While other people are in it for the mime tag

*most other people

But ux wise this opens a can of worms on the Conversations side

That's why i have been pushing this off

hm, the last argument of yours on this I heard was "how does it work with e2ee"?

daniel: btw, how does Conversations handle non-picture uploads like PDF, or pictures that are attached instead of recompressed?

it doesn't. but i don’t care. i'm just doing thumbs different in omemo

so, virtually everywhere?

:-)

public mucs

so you’d auto-download/show content in public MUCs?

that's where thumbs will be used most of the time anyway

because they are not auto downloaded

unlike the rest of conversations

ah I wa sthinking you were replacing auto-download with auto-show-thumbs-and-tap-for-full-version

mhhh maybe not. i still think i'll be autodownloading files by default

users can always turn that of. and having thumbs might make that more attractive

haven't thought about that before you brought that up

maybe auto-fetch thumbs and download full versions when and only while the conversation is in view?

yeah maybe. first things first though. implement thumbs and aftewards we can maybe think about changing the auto download defaults

Ge0rG, things that exceed the auto download size currently have a normal button that says 'donwload pdf document'

or download mime/type if it's not well known

(auto fetching thumbs)

and files for which i do not have a thumbnail after download will just display an open $foo button

you leak your IP if you are browsing images in any random web forum, so meh.

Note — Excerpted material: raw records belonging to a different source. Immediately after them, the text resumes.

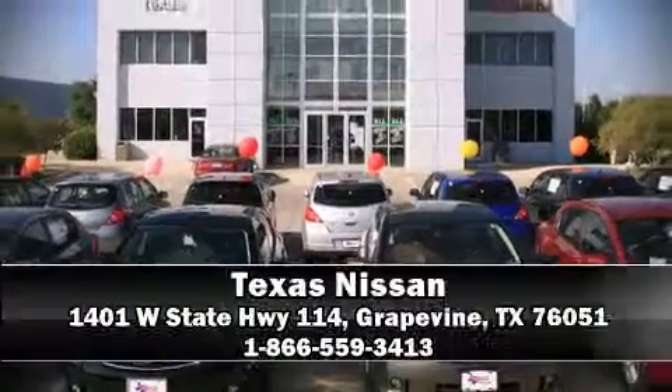We'd love to show you this vehicle in person. Call to schedule a test drive today.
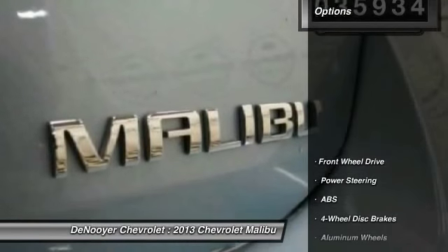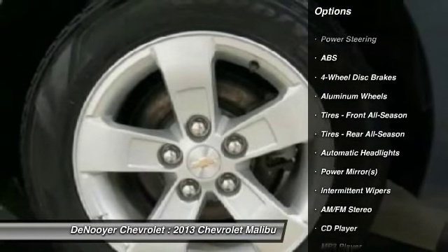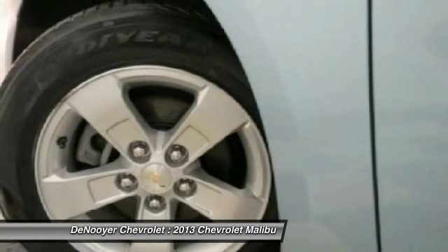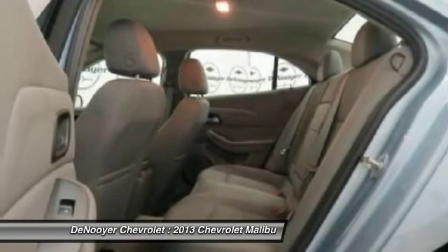Here are some of this vehicle's great options: traction control, steering wheel audio controls, stability control, anti-lock braking system, air conditioning, driver airbag, power steering, adjustable steering wheel, cruise control, and keyless entry.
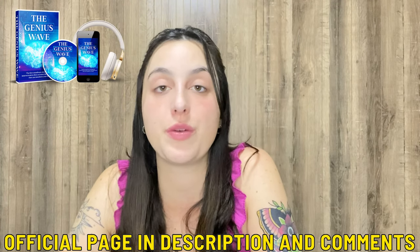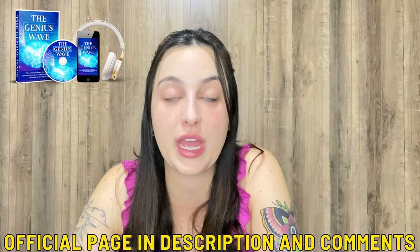Welcome to this video review about the Genius Wave. I'm here today to tell you everything you need to know about it, but this is also an alert that you must know before you purchase it, so stay with me until the end of this video. I've also left the link for the official website below in the description box of my video in case you need it.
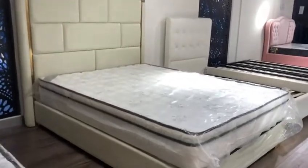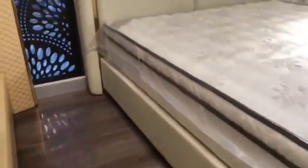Here we have the Hanjar bed, also one of our latest stocks, arrived just in the last few months.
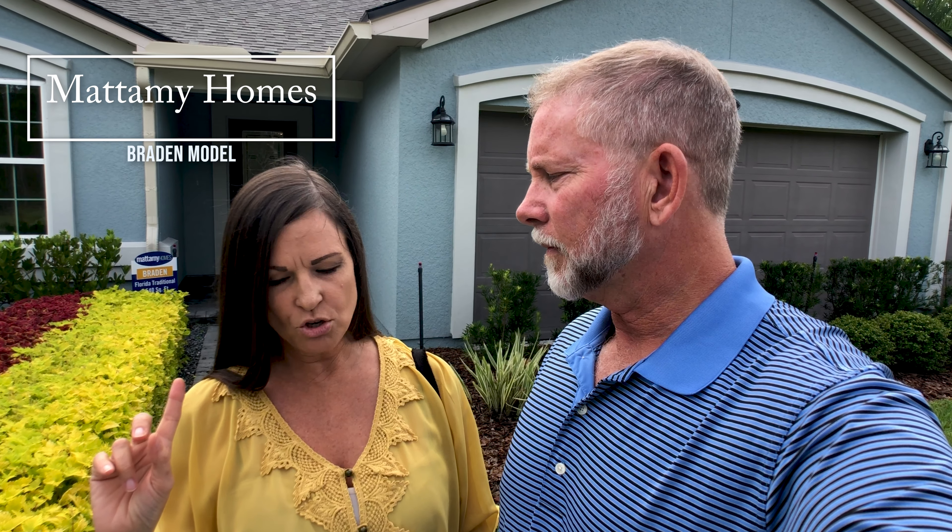So this is — if you know anything about Rivertown — it has Mattamy Builders here, which is a very nice builder. This is the Braden floor plan and it is 2,540 square feet, three bedrooms, two and a half bathrooms with a three-car garage. It's actually a very nice floor plan. We're gonna go in and take a look and let you see it.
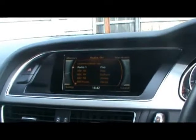Audi MMI interface with the Audi Concert radio and CD player. We also have an SD card slot just in the front there, and Bluetooth telephone connectivity with voice control, plus dual zone digital climate control as well.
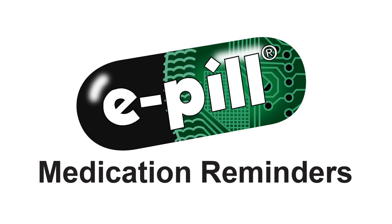E-Pill Medication Reminders is located in the healthcare hub of Boston, Massachusetts and has been providing medication adherence solutions since 1999. All our products come with a one-year warranty. Whatever your medication adherence needs are, you can rely on E-Pill to have the solution.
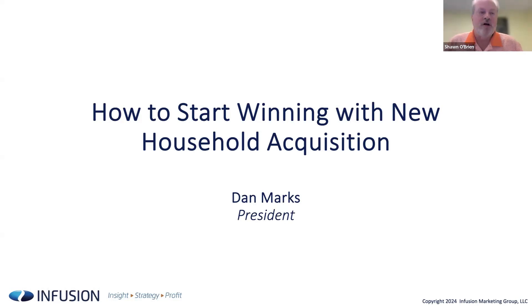Good afternoon, and thank you for joining us for today's webinar, How to Start Winning with New Household Acquisition. Just a couple of housekeeping items before we get started. We will send out a link to today's recording in a follow-up email along with a copy of the slides. If you have any questions, submit those in the Q&A feature or in the chat box and we will get those to you as well.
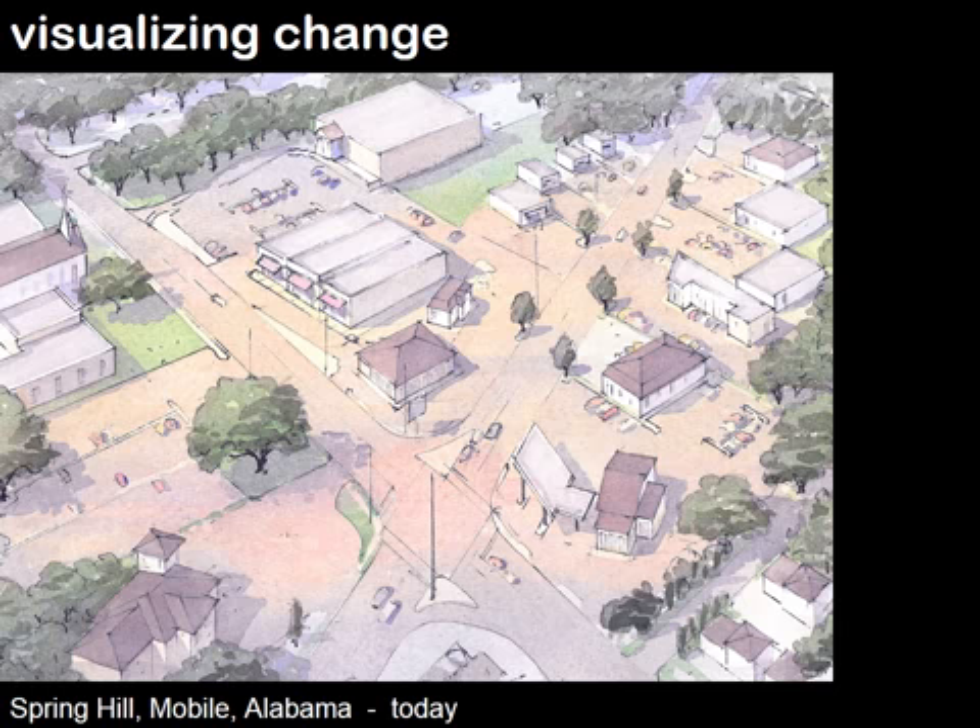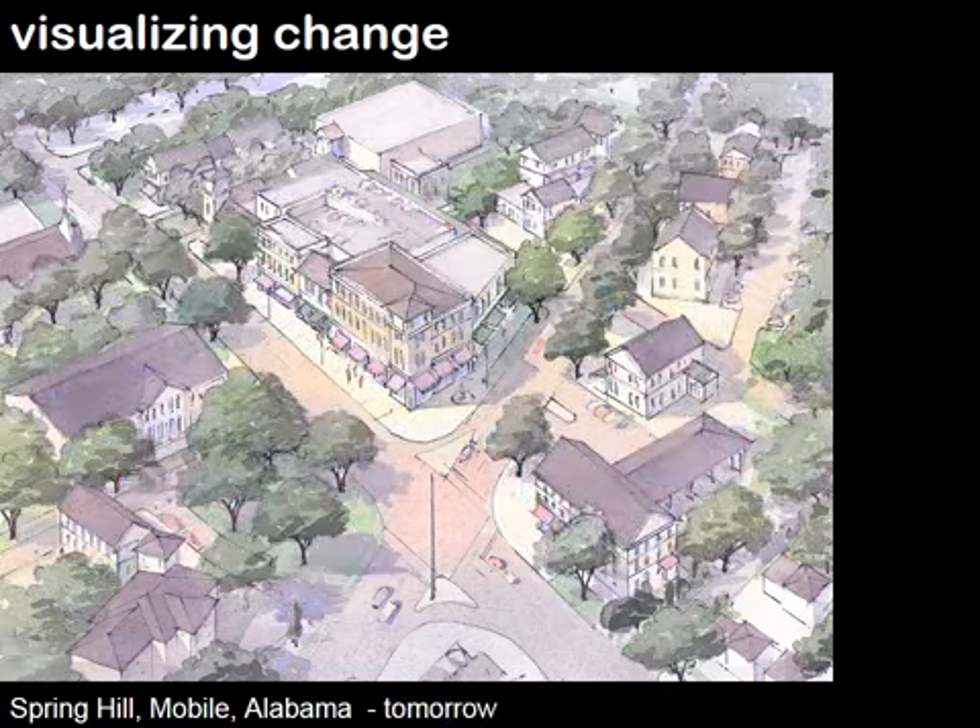Here's a project he showed in Alabama. This is the existing conditions, and then here is an example of a vision for that corner. So people got used to the idea that there's going to be a lot of drawing going on.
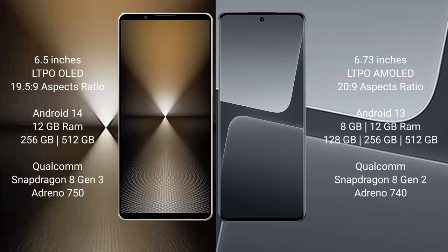Sony Xperia 1 Mark 6 comes with 12GB RAM and 512GB or 1TB internal storage, powered by the Qualcomm Snapdragon 8 Gen 3 processor with Adreno 750 GPU. Xiaomi 13 Pro comes with 8GB or 12GB RAM and 256GB or 512GB internal storage, powered by the Qualcomm Snapdragon 8 Gen 2 processor with Adreno 740 GPU.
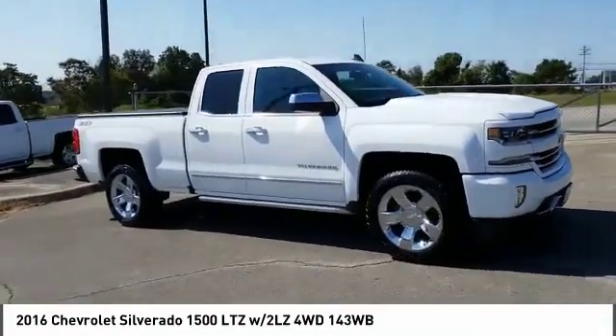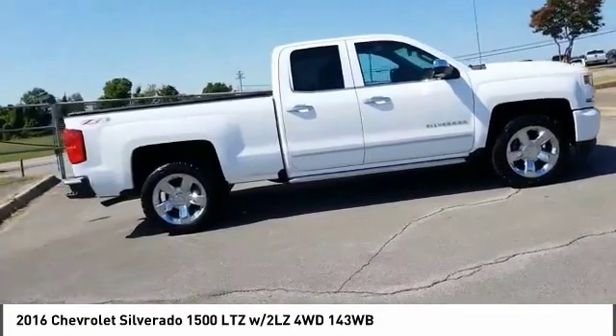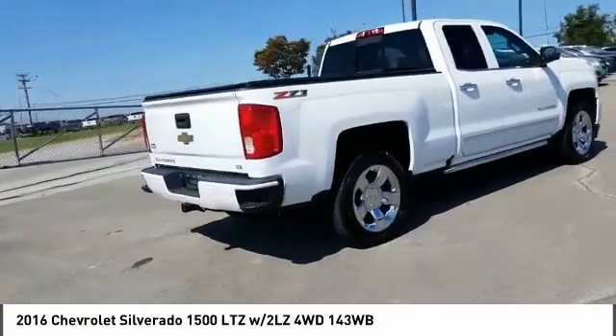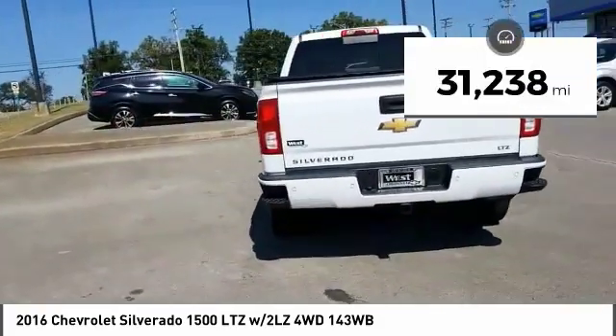Looking for the right vehicle? Check out the 2016 Silverado 1500. The Chevy Silverado 1500 has the lowest cost of ownership of any full-size pickup. This vehicle has less than 35,000 miles.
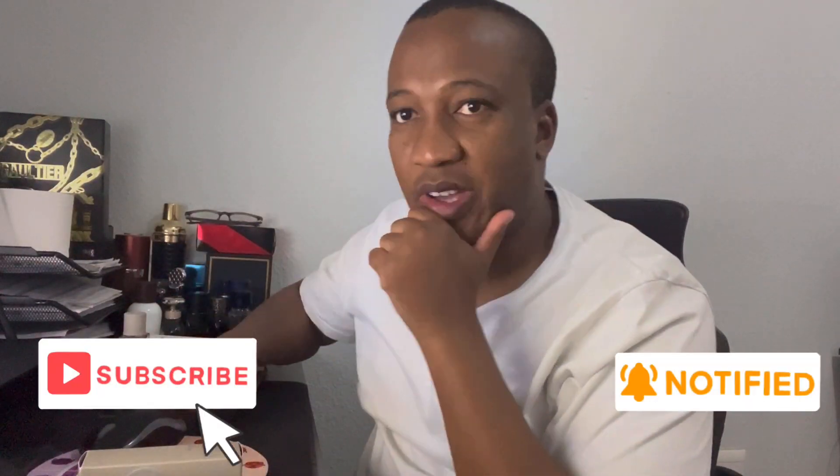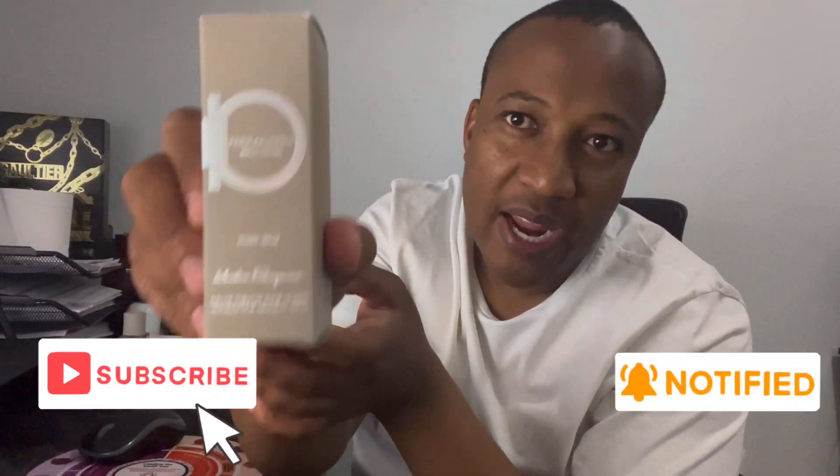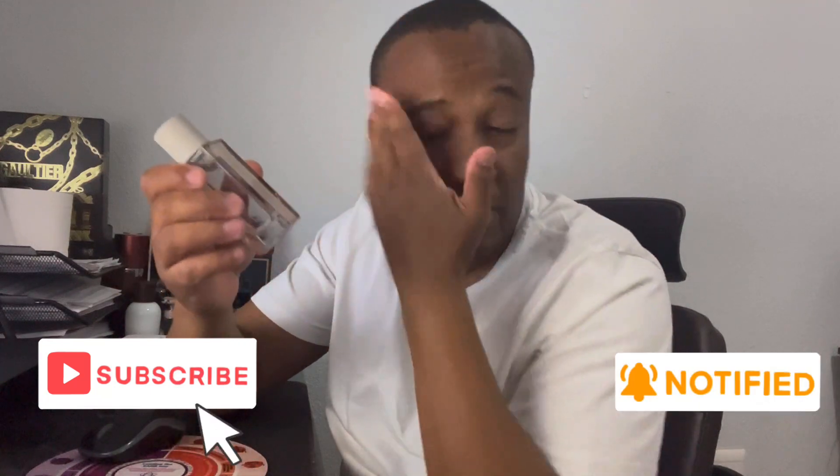Welcome to another video on my fragrance journey. In this video I'll be looking at Ferragamo Bright Leather, from the Salvatore Ferragamo leather line. This is a travel size that I picked up at my recent trip to the Asco fragrance sale — 30ml — and it was a bit of a surprise.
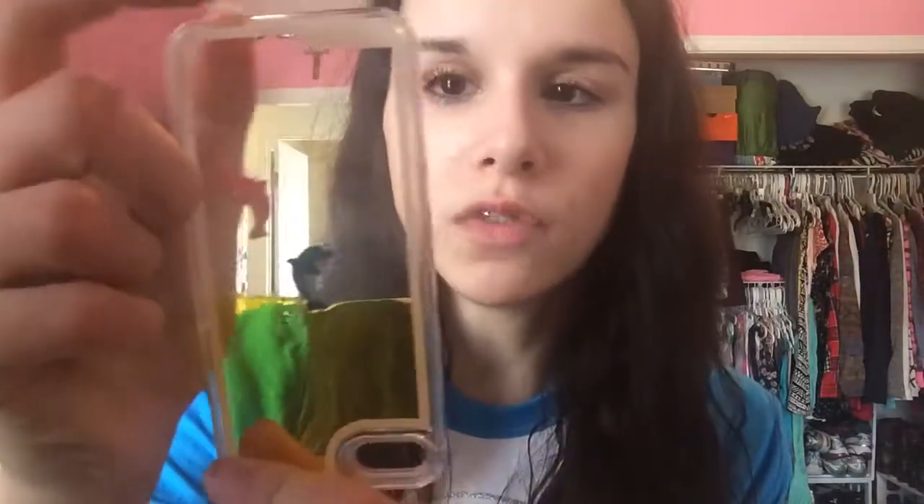Lastly in the hard shell section, this case is probably one of my favorites. It's a clear one with yellow liquid in it and two little dolphins that just swim around inside. I think this is probably one of the most adorable cases ever. I got this for my 16th birthday — I'd been wanting one for the longest time. My parents got it off Amazon.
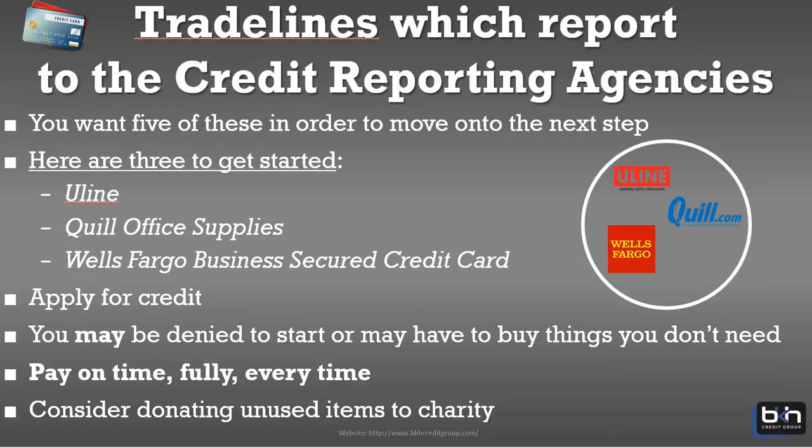If you've been on my channel or email list, you know about Uline and Quill Office Supplies. If you have a Wells Fargo in your area, they offer a very good secured business credit card — one of only about three secured business credit cards out there, and I think this one is by far the best, issued by one of the largest banks in the country. Those are three trade lines you can start right away. When you get these trade lines, keep in mind you may get denied the first time for different reasons. We correct whatever's wrong, go back, get you approved, and then you use the trade line to buy materials or a service. Pay it on time, every time — it's really that simple.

daniel: if you plan to auto-download, there is no need to pursue thumbs. Except for huge files

Ge0rG, *made in legalese*

yes like i said the way it currently works they will mostly be shown in mucs

where i don't have auto download

but they open the door to changing the auto download behaviour as jonas and i were just discussing

plus fancy

LNJ: do you happen to have a Kaidan MUC?

Well ... yes, but after file uploads

AH .. you mean a channel

LNJ: yes. A place where I can bother you without going through github

Yes there was one at kaidan@conference.siacs.eu .. but I'd prefer a new on the new kaidan.im server

Wait, I'll create one ..

Thanks, LNJ.

xmpp:kaidan@muc.kaidan.im?join

... wait need to configure my dns

Haven't used muc before on that server

yay it's back https://tools.ietf.org/html/draft-ietf-tls-sni-encryption-02

they also thankfully mention hiding ALPN using the same mechanisms

Looks like our editors are on Easter holidays.